« C'était en 1787, un ancien soldat nommé Rouillon, n'ayant point d'argent et voulant s'en procurer, s'introduisit dans une ferme et prit dans l'écurie les deux meilleurs chevaux. Il les fit passer par une brèche du mur placée à quatre pieds au-dessus du sol, ce qui peut servir à donner une idée de la force de cet homme, qui avait près de six pieds. Rouillon fut condamné, pour ce fait, à être pendu jusqu’à ce que mort s'ensuive.
Le jour de l'exécution, Rouillon sortit de la prison, alors dans la rue Chartraine, assis dans une petite charrette attelée d'un seul cheval, et s'arrêta en passant dans l'église de l'Hôtel-Dieu, pour y boire le vin du condamné, qui lui fut offert par la charité, chargée en cela d'exécuter le testament de Georgette Legras, et assister à une cérémonie religieuse qui fut faite par le prieur de l'hôpital. Il pouvait être alors huit heures environ et il faisait nuit depuis plus de deux heures; la marche funèbre était éclairée par des hommes portant de grosses torches de résine. La potence avait été placée à l'intersection de la Grande-Rue et de celle de la Grosse-Horloge, à dix pieds environ au-delà du ruisseau qui traverse le Carrefour. Le bras de la potence était tourné du côté de la rue de l'Horloge et l'échelle en avant, du côté de la Grande-Rue.

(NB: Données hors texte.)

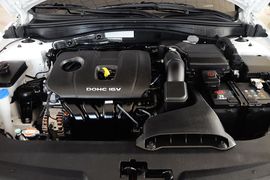 2016款起亚K5 2.0L自动GL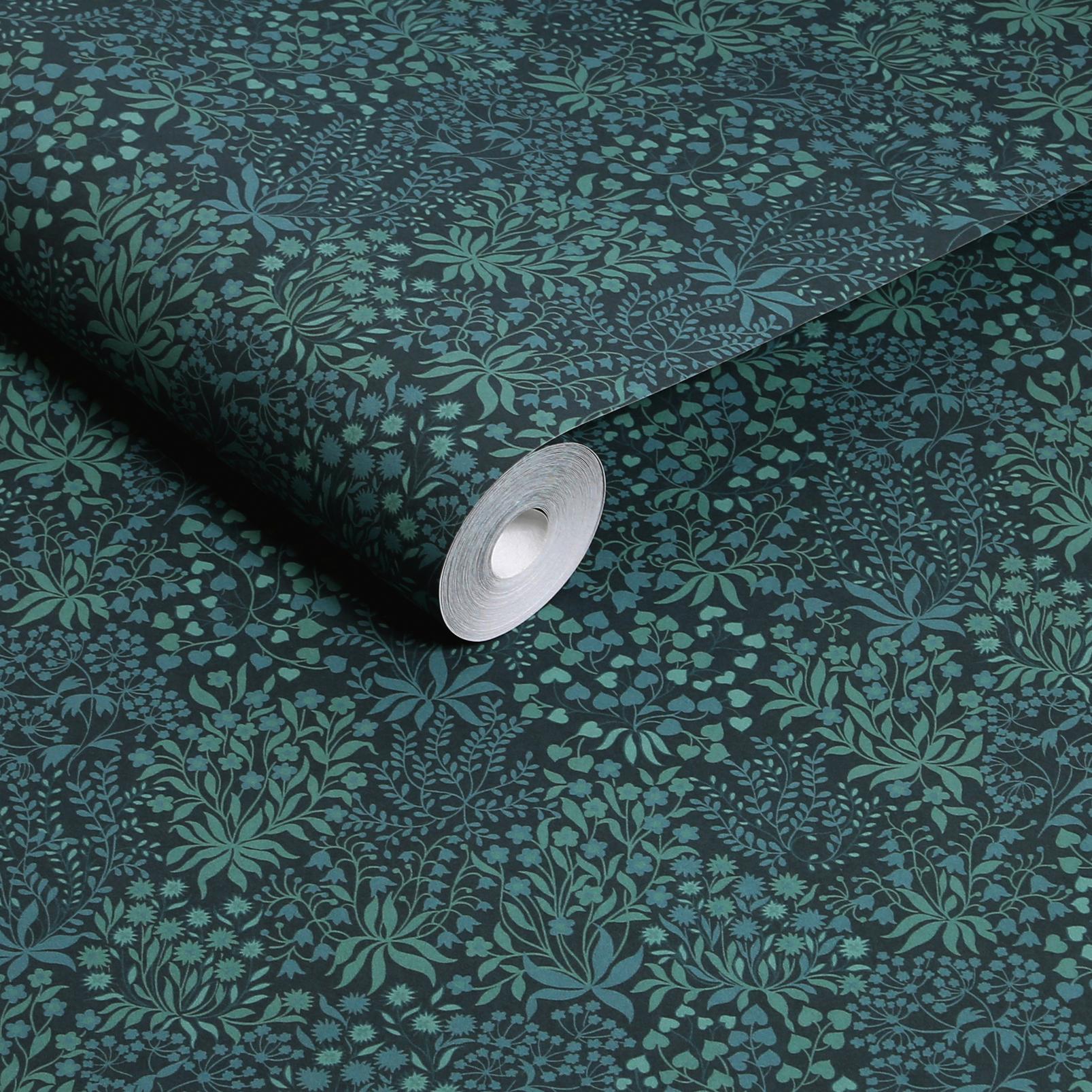 Daisyfield Petrol Wallpaper - 143542_ROLLSHOT_01.jpg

Rouillon était assis sur de la paille dans la voiture, la face tournée du côté du cheval; les exécuteurs (1) le soutenaient. Lorsqu'il fut arrivé au lieu de l'exécution, on fit faire un demi-tour à la voiture, et on l'accula contre l'échelle. Le bourreau passa de la voiture sur l'échelle et, s'y retournant, saisit Rouillon par le derrière du collet de la veste et l'attira à lui, le fit ainsi monter en reculant, tandis que les aides le poussaient par en bas ; cela dura au moins deux minutes, et le public crut facilement que le patient ne s'aidait pas. Rouillon avait les mains attachées par devant et la corde qui servait à les lier était passée en sautoir par dessus le cou, ainsi qu'on vit le lendemain ; il portait en outre, autour du cou, la corde de suspension toute préparée. Lorsque le patient fut arrivé à une hauteur convenable, le bourreau accrocha l'extrémité de la corde à un fort piton solidement fixé au bras de la potence, puis, s'adressant à Rouillon, il lui dit : « Dis comme moi : Jésus Maria.... Jésus Maria.... ». Le pauvre diable avait à peine proféré d'une voix sourde le troisième Jésus Maria, que le bourreau, le poussant du genou, le jeta hors de l'échelle. Faisant aussitôt volte-face, le bourreau plaça son pied droit sur les mains de Rouillon, comme il aurait fait dans un étrier, et pesant de tout son poids sur cet appui, il s'agita violemment. Au bout d'une ou deux minutes au plus, il se reposa sur l'échelle, fit pirouetter le supplicié et, comme s'il avait cru un supplément nécessaire, il lui donna une dizaine de nouvelles secousses et descendit de l'échelle après l'avoir fait pirouetter encore.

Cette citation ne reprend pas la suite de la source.